_What you should do_: Retype exactly the lines from the one that contains "Until then, if" through the end of the listing, both included, but not the pictures.

_Given data_:
.....

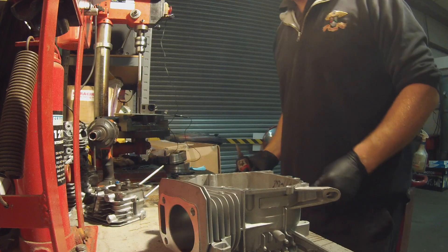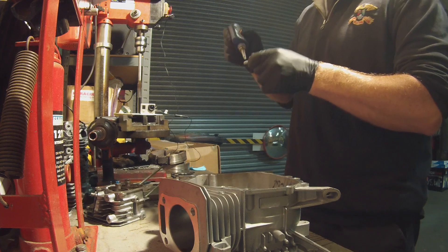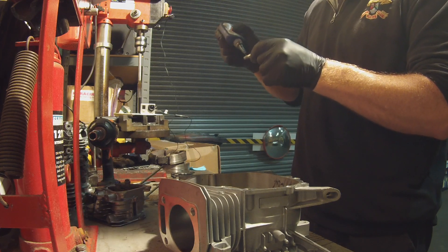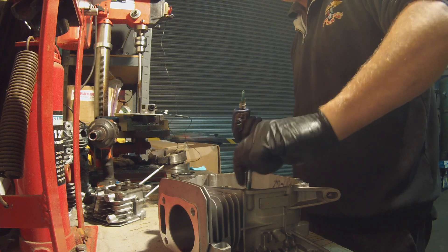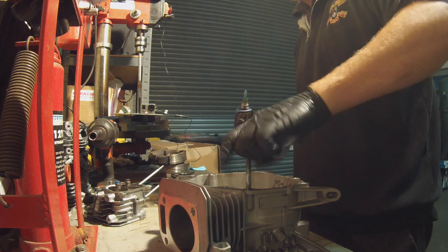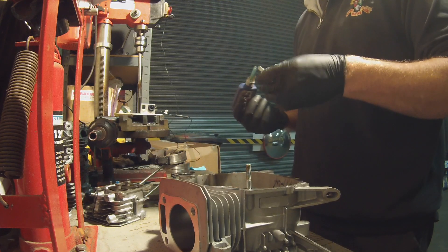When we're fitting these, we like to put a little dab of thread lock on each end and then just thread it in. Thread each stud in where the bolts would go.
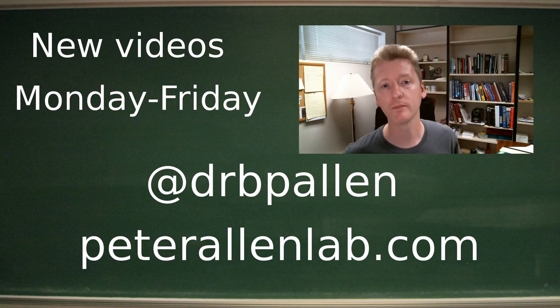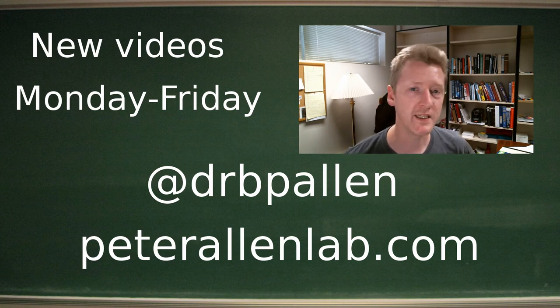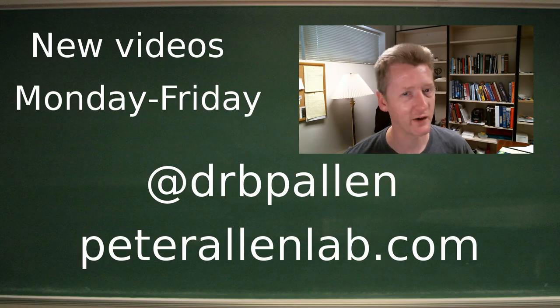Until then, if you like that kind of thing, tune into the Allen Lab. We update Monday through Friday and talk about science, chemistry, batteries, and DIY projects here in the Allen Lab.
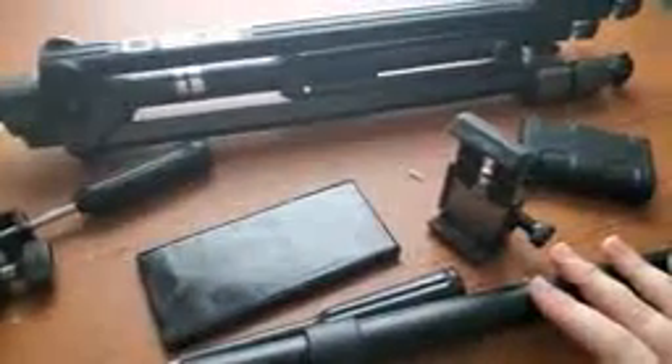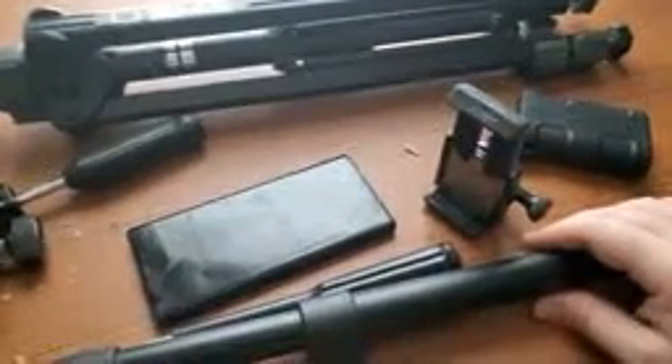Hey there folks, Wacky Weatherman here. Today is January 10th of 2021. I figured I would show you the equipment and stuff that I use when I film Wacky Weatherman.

.....

_Solution to the problem_:
Until then, if you like that kind of thing, tune into the Allen Lab. We update Monday through Friday and talk about science, chemistry, batteries, and DIY projects here in the Allen Lab.
Hey there folks, Wacky Weatherman here. Today is January 10th of 2021. I figured I would show you the equipment and stuff that I use when I film Wacky Weatherman.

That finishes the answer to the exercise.